**What you should do:** Go through the data and copy each line that holds "Wall".

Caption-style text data
# # # #

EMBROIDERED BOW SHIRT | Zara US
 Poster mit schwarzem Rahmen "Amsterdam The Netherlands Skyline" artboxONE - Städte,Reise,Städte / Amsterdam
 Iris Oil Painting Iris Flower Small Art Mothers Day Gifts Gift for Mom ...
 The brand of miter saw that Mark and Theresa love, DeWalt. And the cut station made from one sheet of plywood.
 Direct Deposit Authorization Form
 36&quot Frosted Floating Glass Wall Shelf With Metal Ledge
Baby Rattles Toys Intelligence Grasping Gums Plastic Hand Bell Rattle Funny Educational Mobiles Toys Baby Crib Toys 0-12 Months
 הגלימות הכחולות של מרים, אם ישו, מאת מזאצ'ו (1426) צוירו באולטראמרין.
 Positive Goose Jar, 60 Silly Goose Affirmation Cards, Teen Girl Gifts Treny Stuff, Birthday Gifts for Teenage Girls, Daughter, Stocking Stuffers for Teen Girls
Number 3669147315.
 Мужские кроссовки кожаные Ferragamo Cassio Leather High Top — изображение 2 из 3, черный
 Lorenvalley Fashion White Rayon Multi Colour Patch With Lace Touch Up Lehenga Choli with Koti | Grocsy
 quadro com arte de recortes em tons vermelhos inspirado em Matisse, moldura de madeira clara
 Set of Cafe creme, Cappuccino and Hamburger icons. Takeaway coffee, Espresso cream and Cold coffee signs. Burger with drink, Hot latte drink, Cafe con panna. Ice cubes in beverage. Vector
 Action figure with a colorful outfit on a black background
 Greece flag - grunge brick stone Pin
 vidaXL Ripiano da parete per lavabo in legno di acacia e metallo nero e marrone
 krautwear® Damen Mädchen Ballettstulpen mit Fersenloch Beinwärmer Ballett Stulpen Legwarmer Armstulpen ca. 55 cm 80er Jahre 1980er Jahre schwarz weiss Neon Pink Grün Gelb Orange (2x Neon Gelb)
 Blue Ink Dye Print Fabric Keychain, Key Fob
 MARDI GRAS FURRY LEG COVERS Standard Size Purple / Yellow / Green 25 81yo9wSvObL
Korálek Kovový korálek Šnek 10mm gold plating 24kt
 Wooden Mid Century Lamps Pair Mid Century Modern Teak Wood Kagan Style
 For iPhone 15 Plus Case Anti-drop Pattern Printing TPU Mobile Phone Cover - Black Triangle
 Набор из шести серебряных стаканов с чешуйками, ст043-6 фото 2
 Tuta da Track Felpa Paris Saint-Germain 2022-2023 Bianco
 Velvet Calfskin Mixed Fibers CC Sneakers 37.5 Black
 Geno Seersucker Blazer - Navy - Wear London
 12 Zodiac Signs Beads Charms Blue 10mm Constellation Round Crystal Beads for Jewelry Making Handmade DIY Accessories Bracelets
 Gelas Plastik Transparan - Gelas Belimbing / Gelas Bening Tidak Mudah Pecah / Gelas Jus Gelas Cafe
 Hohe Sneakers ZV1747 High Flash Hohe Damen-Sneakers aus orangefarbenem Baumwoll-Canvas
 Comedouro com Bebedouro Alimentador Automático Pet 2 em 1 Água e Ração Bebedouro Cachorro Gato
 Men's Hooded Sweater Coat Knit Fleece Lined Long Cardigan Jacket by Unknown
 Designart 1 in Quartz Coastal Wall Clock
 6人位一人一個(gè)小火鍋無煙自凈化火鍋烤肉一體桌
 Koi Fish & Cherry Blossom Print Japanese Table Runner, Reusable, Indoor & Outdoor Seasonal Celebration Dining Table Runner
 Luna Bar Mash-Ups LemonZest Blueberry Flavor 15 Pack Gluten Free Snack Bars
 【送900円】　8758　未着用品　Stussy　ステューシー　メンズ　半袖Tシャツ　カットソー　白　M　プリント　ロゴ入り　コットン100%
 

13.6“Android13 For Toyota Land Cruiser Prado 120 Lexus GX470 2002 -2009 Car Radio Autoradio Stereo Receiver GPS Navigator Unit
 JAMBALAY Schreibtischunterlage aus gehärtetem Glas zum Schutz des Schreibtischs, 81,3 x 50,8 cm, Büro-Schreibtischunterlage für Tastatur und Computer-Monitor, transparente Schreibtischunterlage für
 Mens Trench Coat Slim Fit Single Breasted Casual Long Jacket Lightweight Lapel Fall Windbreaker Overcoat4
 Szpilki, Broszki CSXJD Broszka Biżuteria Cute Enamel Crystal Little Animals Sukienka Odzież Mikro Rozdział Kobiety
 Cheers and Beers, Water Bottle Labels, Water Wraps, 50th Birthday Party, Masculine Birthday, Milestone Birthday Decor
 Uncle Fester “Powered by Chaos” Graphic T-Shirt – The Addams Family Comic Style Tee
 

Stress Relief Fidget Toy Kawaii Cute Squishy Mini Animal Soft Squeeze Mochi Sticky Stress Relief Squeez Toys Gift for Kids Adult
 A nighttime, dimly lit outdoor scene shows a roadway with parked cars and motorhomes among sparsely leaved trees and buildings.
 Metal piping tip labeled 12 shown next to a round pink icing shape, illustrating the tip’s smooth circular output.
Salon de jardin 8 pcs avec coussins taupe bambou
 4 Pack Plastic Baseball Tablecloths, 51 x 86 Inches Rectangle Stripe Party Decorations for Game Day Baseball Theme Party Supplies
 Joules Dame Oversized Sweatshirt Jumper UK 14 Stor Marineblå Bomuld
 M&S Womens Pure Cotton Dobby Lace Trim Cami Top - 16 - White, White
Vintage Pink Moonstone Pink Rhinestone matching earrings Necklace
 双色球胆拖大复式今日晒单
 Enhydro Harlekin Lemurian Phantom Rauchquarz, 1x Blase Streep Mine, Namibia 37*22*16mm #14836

# # # #

**Your response:**
 36&quot Frosted Floating Glass Wall Shelf With Metal Ledge
 Designart 1 in Quartz Coastal Wall Clock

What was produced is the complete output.